*Rangel Alves
da Costa
Depois de
tanto tempo de compromisso e submissão, eis que de repente o cabra, por um
motivo ou outro, passava a não ter mais serventia. E ia morrer pelas mãos dos
capangas daquele mesmo coronel que um dia lhe garantiu proteção.
E protegia
mesmo. Mas até onde o cabra lhe tivesse serventia. Até onde fosse útil à
tocaia, à emboscada, ao recado melindroso, ao segredo guardado, a tudo que
saiba e que não podia revelar. Mas sempre chegava um tempo de desconfiança,
quando o desacreditado tinha de forçosamente silenciar debaixo do chão.
Assim, a
segurança coronelista ia até o momento que este precisasse se livrar da ameaça
do protegido.
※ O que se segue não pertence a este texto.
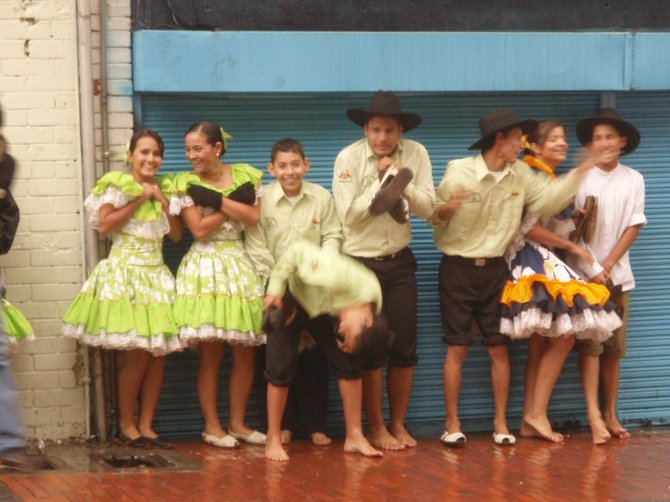 A dance troupe meant to dance in the streets as part of a festival takes refuge from the sudden rain in Bogota, Colombia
Muitas vezes, este conhecia tanto do lamaçal sangrento, de mando
e perseguição, que podia se tornar em perigo. Passava a conhecer tramas e
segredos que não podiam ser revelados. Então o coronel lhe dava o último
sorriso já sabendo de sua sina.
Já dizia o
velho Leontino - e com razão - que coronel nordestino nunca gostou de quem quer
que fosse. Toda sua amizade era construída por interesse, num jogo de mando e
poder, que tanto podia perdurar por mais tempo ou acabar num instante.
Prosseguia
dizendo que coronel nunca confiou nem nele mesmo, muito menos em qualquer
outro. Sua maldade e perversidade chegavam a tal ponto que parecia viver assombrado,
vendo inimigo em tudo e por todo lugar. Numa situação assim, qualquer um podia
pagar pela desconfiança.
Talvez fosse o
poder acastelado no feudo rodeado de proteção, como num pedestal inacessível,
que o tornava tão solitário e tão explosivo. Tramando ter mais poder, tecendo a
vida e a morte, ao abrir a boca ou bater o cajado, outra coisa não fazia senão
ordenar. E ordem de fogo e sangue a ser cumprida antes que a cusparada secasse.
Numa simples
ordem, e uma sentença de vida e de morte. Ora, para ele tanto fazia a vida ou a
morte do outro, do inimigo, do litigante ou mesmo do inocente. Mandava matar
pai de família empobrecido que não quisesse se desfazer de seu pedacinho de
terra nas vizinhanças do latifúndio.
Qualquer um
poderia ser sua vítima. Decidia sempre em proveito próprio e contra quem quer
que fosse. O coronel de verdade, aquele de latifúndio, poder e capangagem,
jamais tomou qualquer decisão que não fosse em seu único e exclusivo benefício.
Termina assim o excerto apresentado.